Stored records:
==================================================
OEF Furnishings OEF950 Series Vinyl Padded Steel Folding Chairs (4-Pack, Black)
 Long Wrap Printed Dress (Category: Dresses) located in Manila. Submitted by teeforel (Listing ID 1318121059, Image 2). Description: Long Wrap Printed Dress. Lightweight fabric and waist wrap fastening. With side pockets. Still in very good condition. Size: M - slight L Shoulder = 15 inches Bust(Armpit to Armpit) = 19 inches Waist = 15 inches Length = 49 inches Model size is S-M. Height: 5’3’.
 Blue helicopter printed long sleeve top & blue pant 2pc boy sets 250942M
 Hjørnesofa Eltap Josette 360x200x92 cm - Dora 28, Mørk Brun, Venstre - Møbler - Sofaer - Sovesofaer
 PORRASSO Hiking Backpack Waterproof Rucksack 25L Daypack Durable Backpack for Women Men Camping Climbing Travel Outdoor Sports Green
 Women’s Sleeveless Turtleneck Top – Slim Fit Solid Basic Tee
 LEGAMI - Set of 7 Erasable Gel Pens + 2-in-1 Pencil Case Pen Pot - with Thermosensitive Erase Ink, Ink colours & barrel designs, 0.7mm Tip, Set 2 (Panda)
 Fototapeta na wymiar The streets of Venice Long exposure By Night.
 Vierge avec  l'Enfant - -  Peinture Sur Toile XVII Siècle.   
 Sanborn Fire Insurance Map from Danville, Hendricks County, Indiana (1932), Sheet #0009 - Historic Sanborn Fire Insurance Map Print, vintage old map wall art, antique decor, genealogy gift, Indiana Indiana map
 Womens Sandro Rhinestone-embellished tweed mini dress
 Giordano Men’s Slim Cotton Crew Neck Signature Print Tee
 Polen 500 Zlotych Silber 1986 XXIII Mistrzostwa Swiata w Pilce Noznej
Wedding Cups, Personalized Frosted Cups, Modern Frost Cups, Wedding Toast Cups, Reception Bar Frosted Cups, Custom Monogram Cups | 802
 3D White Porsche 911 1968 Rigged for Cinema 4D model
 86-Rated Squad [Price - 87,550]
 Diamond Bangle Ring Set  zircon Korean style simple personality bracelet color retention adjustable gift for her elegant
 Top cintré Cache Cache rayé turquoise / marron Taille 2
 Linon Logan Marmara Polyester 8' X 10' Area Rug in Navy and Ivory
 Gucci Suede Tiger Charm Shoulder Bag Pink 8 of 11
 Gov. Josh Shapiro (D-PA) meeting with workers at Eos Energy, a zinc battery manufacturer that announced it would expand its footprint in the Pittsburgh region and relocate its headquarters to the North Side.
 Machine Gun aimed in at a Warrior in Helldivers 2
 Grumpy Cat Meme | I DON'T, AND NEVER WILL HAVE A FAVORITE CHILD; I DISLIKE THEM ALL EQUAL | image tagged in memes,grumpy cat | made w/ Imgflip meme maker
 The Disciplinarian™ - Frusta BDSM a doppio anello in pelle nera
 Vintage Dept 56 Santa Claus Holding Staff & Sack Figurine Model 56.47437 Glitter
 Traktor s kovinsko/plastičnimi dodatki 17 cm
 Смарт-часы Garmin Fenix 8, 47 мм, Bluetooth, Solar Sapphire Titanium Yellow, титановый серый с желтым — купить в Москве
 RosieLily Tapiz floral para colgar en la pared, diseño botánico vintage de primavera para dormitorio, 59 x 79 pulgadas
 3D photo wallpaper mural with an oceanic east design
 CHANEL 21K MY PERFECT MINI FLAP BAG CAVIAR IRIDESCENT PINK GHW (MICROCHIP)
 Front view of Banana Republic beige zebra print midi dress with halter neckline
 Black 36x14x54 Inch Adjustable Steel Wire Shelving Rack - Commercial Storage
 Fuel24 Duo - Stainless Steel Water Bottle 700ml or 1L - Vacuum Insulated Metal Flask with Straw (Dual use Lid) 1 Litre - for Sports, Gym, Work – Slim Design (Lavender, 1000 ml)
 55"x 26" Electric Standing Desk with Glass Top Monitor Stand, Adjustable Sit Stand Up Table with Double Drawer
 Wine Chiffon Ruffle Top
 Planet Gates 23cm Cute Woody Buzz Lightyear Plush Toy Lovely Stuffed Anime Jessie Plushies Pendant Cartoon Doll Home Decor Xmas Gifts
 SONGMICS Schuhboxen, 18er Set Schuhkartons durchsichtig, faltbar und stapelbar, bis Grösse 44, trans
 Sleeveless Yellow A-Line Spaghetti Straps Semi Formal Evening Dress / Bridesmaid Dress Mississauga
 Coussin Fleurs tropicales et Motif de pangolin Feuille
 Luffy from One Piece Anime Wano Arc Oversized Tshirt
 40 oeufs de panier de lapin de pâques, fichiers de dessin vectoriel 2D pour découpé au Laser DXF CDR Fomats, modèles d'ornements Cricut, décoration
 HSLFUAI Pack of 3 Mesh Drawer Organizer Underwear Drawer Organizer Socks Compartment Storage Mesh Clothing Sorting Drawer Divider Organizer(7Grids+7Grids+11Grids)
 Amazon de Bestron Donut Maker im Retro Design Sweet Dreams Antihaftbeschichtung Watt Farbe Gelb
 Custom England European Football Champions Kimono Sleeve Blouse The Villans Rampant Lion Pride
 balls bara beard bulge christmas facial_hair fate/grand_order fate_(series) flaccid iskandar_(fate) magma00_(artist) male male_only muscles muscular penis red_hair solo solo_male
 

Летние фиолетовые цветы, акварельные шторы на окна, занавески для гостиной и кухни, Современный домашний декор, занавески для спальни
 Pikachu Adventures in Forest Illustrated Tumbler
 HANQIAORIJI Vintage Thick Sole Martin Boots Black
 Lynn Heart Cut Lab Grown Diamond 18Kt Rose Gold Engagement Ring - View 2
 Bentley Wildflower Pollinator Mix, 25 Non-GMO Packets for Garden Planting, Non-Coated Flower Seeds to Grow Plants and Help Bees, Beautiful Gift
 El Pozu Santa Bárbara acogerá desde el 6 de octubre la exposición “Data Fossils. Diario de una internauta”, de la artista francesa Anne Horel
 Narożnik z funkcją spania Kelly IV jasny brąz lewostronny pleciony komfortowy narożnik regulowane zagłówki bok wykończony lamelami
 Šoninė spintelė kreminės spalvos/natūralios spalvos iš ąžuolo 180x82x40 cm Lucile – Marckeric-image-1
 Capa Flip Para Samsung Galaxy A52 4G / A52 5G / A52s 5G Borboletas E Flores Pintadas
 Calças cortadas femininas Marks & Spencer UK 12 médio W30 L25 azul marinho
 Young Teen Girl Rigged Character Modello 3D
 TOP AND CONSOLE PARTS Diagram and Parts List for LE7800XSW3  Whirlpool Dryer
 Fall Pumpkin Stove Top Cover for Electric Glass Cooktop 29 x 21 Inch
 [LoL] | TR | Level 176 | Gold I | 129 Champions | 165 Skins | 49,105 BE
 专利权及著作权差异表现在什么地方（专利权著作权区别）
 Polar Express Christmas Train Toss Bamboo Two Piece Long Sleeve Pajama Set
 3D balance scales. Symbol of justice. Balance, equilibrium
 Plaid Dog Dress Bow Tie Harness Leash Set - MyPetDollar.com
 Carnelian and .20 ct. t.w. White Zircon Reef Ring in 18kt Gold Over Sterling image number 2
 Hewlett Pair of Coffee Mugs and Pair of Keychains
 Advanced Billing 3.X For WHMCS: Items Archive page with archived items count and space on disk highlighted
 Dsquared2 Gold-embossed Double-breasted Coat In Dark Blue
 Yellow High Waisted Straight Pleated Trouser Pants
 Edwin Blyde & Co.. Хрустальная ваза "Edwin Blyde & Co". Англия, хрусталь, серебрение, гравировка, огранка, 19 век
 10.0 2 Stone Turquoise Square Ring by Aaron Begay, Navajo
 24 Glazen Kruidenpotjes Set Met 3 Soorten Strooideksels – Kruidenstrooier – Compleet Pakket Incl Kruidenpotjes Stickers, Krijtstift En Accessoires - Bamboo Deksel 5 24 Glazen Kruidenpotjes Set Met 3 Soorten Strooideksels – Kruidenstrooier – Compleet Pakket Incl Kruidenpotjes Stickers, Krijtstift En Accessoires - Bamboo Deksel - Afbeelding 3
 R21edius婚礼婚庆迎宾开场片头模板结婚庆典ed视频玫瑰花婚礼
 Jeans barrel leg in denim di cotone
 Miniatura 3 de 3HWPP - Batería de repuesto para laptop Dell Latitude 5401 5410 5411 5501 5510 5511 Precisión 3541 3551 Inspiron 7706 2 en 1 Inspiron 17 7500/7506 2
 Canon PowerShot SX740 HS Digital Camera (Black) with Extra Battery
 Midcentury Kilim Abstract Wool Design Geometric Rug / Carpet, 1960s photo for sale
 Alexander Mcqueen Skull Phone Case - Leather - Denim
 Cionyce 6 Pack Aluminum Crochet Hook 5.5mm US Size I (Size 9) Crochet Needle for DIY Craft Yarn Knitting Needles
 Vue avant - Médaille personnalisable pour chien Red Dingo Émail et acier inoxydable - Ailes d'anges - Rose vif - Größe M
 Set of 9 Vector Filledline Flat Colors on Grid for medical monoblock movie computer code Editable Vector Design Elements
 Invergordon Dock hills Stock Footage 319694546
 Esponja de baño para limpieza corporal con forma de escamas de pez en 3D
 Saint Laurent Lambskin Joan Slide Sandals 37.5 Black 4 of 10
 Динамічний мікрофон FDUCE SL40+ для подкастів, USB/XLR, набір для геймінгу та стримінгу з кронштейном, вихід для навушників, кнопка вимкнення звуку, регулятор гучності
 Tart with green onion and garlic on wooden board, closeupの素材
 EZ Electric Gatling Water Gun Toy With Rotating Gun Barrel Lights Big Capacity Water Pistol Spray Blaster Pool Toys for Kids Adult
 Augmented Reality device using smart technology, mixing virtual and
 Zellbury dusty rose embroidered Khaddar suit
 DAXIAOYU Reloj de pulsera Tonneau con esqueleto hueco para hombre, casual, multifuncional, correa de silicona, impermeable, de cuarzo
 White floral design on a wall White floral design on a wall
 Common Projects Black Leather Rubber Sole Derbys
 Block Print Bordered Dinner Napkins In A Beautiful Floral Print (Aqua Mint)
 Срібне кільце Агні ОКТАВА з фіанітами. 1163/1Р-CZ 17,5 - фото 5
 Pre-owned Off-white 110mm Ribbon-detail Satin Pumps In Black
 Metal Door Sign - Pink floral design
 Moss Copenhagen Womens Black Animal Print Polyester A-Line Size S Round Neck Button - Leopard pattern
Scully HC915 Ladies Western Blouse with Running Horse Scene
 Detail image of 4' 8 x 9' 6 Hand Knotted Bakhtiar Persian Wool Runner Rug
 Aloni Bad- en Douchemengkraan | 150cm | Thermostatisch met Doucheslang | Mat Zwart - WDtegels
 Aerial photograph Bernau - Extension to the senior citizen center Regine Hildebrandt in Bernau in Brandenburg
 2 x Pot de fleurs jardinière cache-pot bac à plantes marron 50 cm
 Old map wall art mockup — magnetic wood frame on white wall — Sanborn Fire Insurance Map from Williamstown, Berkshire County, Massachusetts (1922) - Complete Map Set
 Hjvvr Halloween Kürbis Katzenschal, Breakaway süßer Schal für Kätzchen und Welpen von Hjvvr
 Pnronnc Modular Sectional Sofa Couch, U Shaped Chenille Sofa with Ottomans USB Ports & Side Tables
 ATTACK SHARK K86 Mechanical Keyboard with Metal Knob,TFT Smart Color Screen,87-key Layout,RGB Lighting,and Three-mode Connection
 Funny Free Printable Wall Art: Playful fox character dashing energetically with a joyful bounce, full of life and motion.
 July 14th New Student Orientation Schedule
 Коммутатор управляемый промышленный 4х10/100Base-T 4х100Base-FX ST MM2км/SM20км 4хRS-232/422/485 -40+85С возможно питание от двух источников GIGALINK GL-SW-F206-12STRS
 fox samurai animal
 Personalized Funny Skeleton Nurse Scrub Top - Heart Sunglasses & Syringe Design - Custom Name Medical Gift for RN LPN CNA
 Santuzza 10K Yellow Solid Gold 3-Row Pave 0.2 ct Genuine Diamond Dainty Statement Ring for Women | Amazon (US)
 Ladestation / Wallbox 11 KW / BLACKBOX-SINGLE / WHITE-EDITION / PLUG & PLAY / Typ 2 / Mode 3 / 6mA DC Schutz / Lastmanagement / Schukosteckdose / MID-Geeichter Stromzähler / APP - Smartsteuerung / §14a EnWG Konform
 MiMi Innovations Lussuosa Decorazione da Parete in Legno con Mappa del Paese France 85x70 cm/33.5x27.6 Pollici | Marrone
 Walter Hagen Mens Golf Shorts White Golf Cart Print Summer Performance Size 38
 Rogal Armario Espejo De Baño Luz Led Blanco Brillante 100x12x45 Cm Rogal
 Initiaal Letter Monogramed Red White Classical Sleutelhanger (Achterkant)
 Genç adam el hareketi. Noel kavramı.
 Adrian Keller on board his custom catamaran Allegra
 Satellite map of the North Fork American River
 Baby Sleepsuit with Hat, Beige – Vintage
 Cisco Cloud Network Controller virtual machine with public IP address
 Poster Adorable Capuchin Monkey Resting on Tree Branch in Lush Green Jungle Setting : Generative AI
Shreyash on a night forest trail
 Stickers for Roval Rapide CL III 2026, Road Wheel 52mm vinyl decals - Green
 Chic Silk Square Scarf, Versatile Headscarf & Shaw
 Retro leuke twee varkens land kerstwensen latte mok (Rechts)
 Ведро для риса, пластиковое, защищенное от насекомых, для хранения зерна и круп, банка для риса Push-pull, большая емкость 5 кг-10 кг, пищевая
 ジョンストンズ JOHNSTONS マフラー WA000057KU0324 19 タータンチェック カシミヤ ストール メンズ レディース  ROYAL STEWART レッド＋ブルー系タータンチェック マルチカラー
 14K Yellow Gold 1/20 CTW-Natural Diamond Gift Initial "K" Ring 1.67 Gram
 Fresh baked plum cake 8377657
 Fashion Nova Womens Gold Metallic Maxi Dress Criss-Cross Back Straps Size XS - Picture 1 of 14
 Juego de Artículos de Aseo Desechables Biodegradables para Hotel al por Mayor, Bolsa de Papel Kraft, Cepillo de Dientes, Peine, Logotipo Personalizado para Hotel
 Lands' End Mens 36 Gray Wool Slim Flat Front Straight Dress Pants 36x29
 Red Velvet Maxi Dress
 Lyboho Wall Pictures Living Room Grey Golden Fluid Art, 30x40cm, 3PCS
==================================================
== INSTRUCTIONS FOR THE TASK ==
Where a line above holds the word "Champions", copy it.

== SOLUTION ==
 Custom England European Football Champions Kimono Sleeve Blouse The Villans Rampant Lion Pride
 [LoL] | TR | Level 176 | Gold I | 129 Champions | 165 Skins | 49,105 BE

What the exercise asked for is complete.